Jürgen war 42 Jahre mit seinem Ruck- und Schlafsack unterwegs, immer weiter, so weit die Füße tragen. Bis sein Engel „Ute“ ihn ins Hospiz brachte. Dort fragte man ihn, ob er einen Wunsch hätte. „Wie bitte? Ob ich einen Wunsch habe? Das hat man mich noch nirgends gefragt. Ja, eine Zigarette rauchen dürfen, das wäre schön!“ Die Schwester hat Jürgen selbst gefragt, ob er ein Glas Rotwein wolle. Jürgen hat auch seinen Augen nicht getraut, als er in seinem Zimmer einen Fernseher sah. „Ist der echt? Kann man den einschalten?“ Echt wahr, Jürgen hat die letzten Tage seines Lebens genossen, obwohl er sterbenskrank war. Und am allerletzten Abend saß Ute lange an seinem Bett. Es wurde nicht viel geredet, nur hat Jürgen sich noch einmal von ganzem Herzen bei Ute bedankt, „für deine Besuche im Krankenhaus, die Pakete zu Weihnachten und die vielen „milden Gaben“. Aber das größte Geschenk hast du mir gemacht, dass ich das hier noch erleben darf. Ein Stückchen Himmel auf Erden.“ Ganz zufrieden, in tiefem Frieden ist Jürgen von dieser Welt gegangen.

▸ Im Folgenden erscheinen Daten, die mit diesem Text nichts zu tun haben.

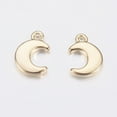 thumbnail image 2 of 50pcs Long-Lasting Plated Brass Charms Moon Nickel Free Real 18K golden Plated 7.5x5x1mm Hole: 1mm, 2 of 2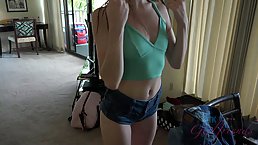 Petite babe with tiny tits is getting her tight pussy stuffed with a hard dick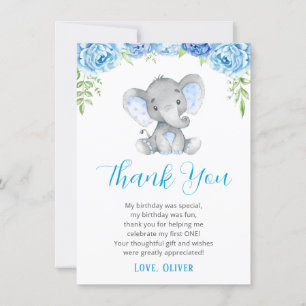 Blue Elephant Boy 1st First Birthday Little Peanut Tack Kort
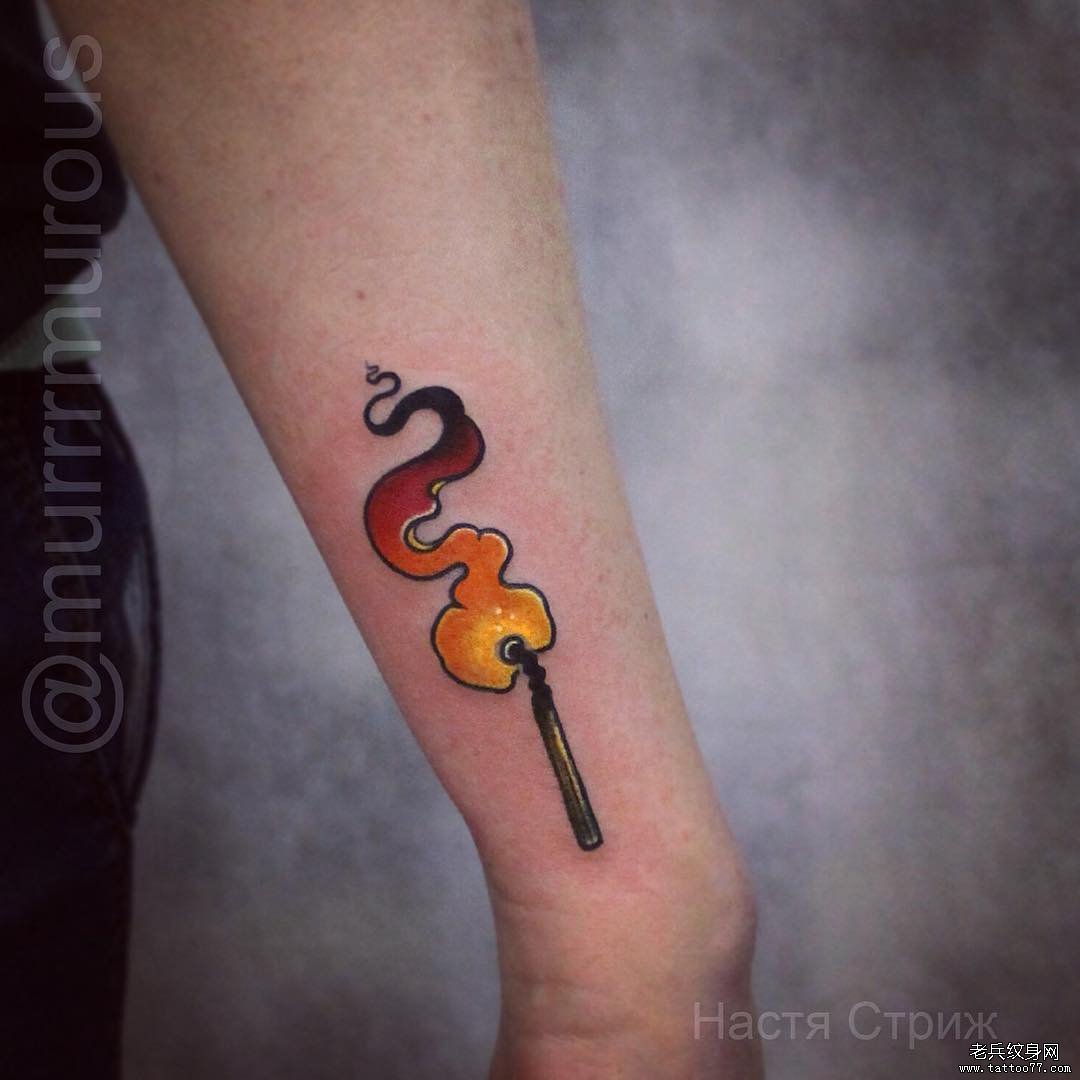小臂可爱小清新火柴tattoo纹身图案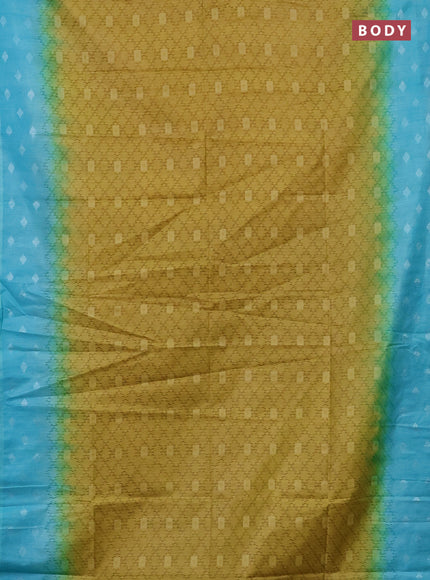 Semi bamboo saree yellow and teal blue with allover thread weaves and sequin work pallu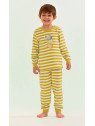 Sense Organics - Bio Kinder Frottee Schlafanzug "SENSE-Long John" mit Bären-Applikation und Streifen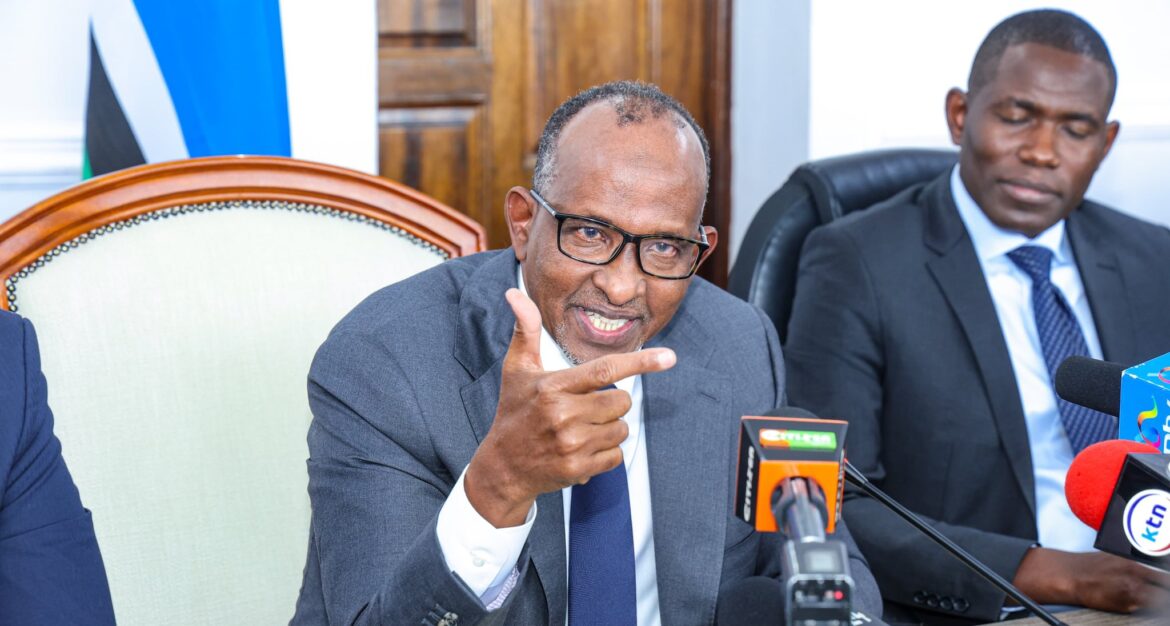 Health CS Aden Duale speaks to the media on Monday, August 25, 2025. Photo: Aden Duale Source; Facebook.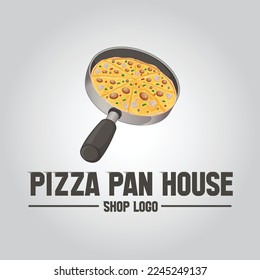 Pizza Pan Shop Logo. Pizza Shop Logo. Vector logo, symbol, icon, badge design for pizza product or pizza shop.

Zu den Engeln. Meine lieben Mitmenschen. Das größte Geschenk, das wir einem Menschen machen können, ist, dass er in Frieden von dieser Welt gehen kann. Ihm dazu verhelfen, dass er seinen Frieden findet, mit sich selber, den anderen und mit seinem Herrgott. Der “lebenslängliche“ Enzo, 52 Jahre, hatte Lungenkrebs im Endstadium. Er möchte noch einmal seine drei Kinder sehen, aber er hat Angst, dass sie ihm diesen letzten Wunsch ausschlagen. Schließlich hat er vor 18 Jahren ihre Mutter umgebracht. Die Kinder kamen damals ins Heim. Seitdem haben sie keinerlei Kontakt mehr miteinander gehabt. Die Kinder fahren die ganze Nacht mit einem alten VW von Hamburg zum Gefängniskrankenhaus auf dem Hohenasperg. Beim Wiedersehen in der Zelle wird kaum geredet, fast nur geheult. Aber ohne Worte ist ganz viel geschehen. Und nach ihrem Besuch strahlt Enzo und sagt immer wieder: “Meine Kinder waren bei mir.”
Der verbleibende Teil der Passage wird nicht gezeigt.